II. LES RÉSERVES FONCIÈRES MOBILISABLES, DE L'IMPRESSION D'UNE SURABONDANCE AU CONSTAT DE DISPONIBILITÉS SOUS CONTRAINTES
Moyennant quelques incertitudes sur la quantité actuelle des terres cultivées, le constat qu'il existe des disponibilités foncières abondantes paraît s'imposer.
Toutefois, le niveau précis de ces disponibilités, qui est discuté, est sensiblement inférieur aux estimations résultant du solde entre les terres disponibles et les terres cultivées.
Pour l'évaluer, il faut tenir compte de différents facteurs dont certains - liés au contexte économique et social - sont particulièrement difficiles à quantifier.
Au total, la question de la disponibilité foncière pour résoudre le problème alimentaire est beaucoup plus ouverte qu'on ne l'indique parfois.
À un niveau d'analyse moins global, une certitude s'impose : certaines régions du monde ne pourront pas compter sur leur espace pour relever les défis alimentaires qu'elles rencontrent.

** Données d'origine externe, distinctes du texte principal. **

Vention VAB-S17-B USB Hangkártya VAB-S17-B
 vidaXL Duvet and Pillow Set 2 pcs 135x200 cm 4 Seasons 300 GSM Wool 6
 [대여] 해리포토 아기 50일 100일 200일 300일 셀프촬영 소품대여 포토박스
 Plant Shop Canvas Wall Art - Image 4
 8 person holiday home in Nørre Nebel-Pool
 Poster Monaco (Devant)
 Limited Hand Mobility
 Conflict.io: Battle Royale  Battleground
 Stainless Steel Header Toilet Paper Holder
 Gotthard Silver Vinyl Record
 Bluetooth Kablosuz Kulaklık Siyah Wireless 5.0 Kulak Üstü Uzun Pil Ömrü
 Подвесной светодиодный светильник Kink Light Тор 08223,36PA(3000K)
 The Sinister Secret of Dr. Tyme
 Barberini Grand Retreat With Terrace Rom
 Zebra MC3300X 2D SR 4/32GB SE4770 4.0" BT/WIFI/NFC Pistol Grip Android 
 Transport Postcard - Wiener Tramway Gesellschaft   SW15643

A. LE POTENTIEL THÉORIQUE : ENTRE L'IMAGE D'UNE SURABONDANCE...
1. Au premier regard, d'importantes disponibilités à l'échelle du monde
Les estimations relatives aux terres déjà cultivées et aux terres disponibles diffèrent selon les organismes dans des proportions assez élevées mais indiquent un potentiel assez élevé.
Entre les chiffres de la FAO qui évalue les terres cultivées à 1 525 millions d'hectares et ceux du SAGE (Center for Sustainability and the Global Environnement) de l'Université du Wisconsin qui les estimait à 1 805 millions d'hectares en 1992 l'écart atteint 17 % (280 millions d'hectares soit sept fois la superficie agricole cultivée de l'Europe de l'Ouest).
Les estimations des terres utilisées de la FAO rapportées aux terres utilisables en culture pluviale (selon l'étude GAEZ) montrent que seules 38 % des terres disponibles (4 152 millions d'hectares) sont cultivées (1 563 millions d'hectares).
Les estimations du SAGE ne sont pas très éloignées mais réservent un peu moins de marges : 45 % des terres cultivables sont effectivement cultivées selon le SAGE ce qui est un peu supérieur aux chiffres combinés de la FAO et de l'étude GAEZ.
Le potentiel de terres cultivables non utilisées demeure donc important.
Superficies des terres cultivées dans les différentes régions du monde
Comparaison des estimations du SAGE et de la FAO (millions d'hectares)
Source : « Terres cultivables et terres cultivées : apports de l'analyse croisée de trois bases de données à l'échelle mondiale » - Mme Laurence ROUDART
Les estimations du SAGE globalement supérieures à celles de la FAO leur sont toutefois inférieures pour l'Afrique de l'Ouest et l'AN-MO, qui sont, chacune à leur manière, deux régions de tensions alimentaires.
La répartition des terres cultivées voit les céréales occuper une part prédominante (55 % du total) devant un ensemble « d'autres cultures » et les oléagineux.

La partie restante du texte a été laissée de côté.